What to work on:
Leaving the pictures aside, repeat every line below exactly.

───── Data below ─────

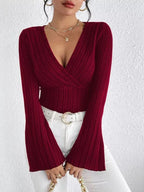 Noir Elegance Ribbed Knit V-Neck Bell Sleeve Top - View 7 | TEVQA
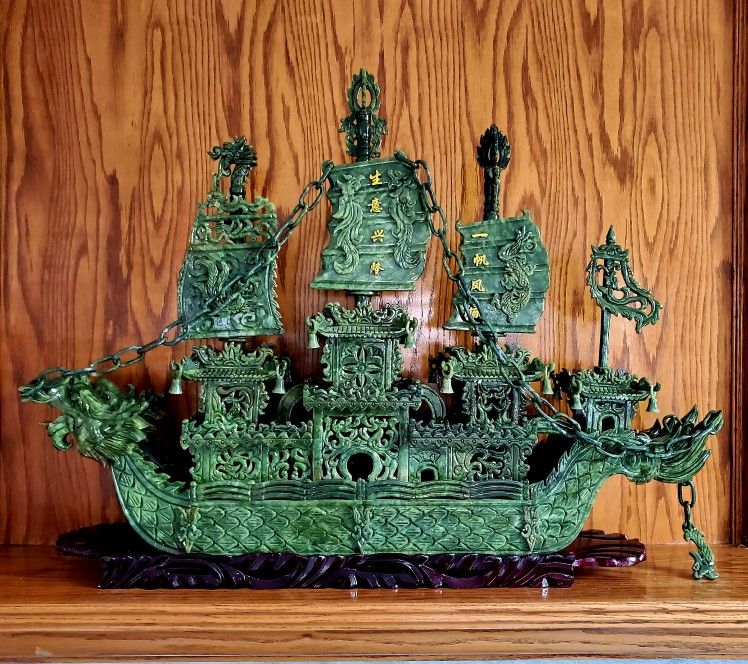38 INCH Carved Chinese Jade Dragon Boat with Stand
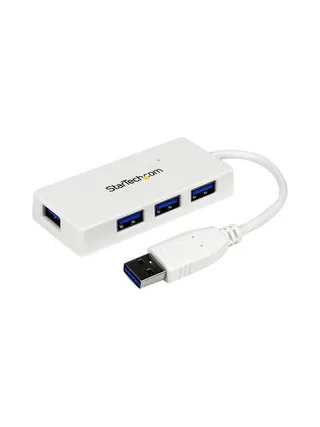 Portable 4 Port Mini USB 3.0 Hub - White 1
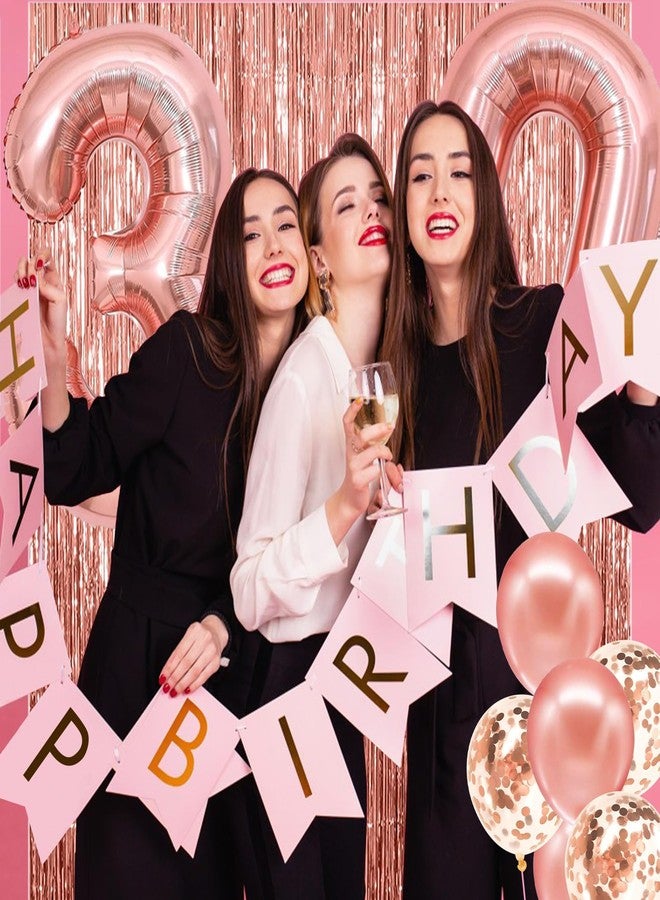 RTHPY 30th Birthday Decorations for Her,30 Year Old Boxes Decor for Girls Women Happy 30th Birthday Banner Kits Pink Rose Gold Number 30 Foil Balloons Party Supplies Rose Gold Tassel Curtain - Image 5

─────

Solution for this exercise:
 Noir Elegance Ribbed Knit V-Neck Bell Sleeve Top - View 7 | TEVQA
38 INCH Carved Chinese Jade Dragon Boat with Stand
 Portable 4 Port Mini USB 3.0 Hub - White 1
 RTHPY 30th Birthday Decorations for Her,30 Year Old Boxes Decor for Girls Women Happy 30th Birthday Banner Kits Pink Rose Gold Number 30 Foil Balloons Party Supplies Rose Gold Tassel Curtain - Image 5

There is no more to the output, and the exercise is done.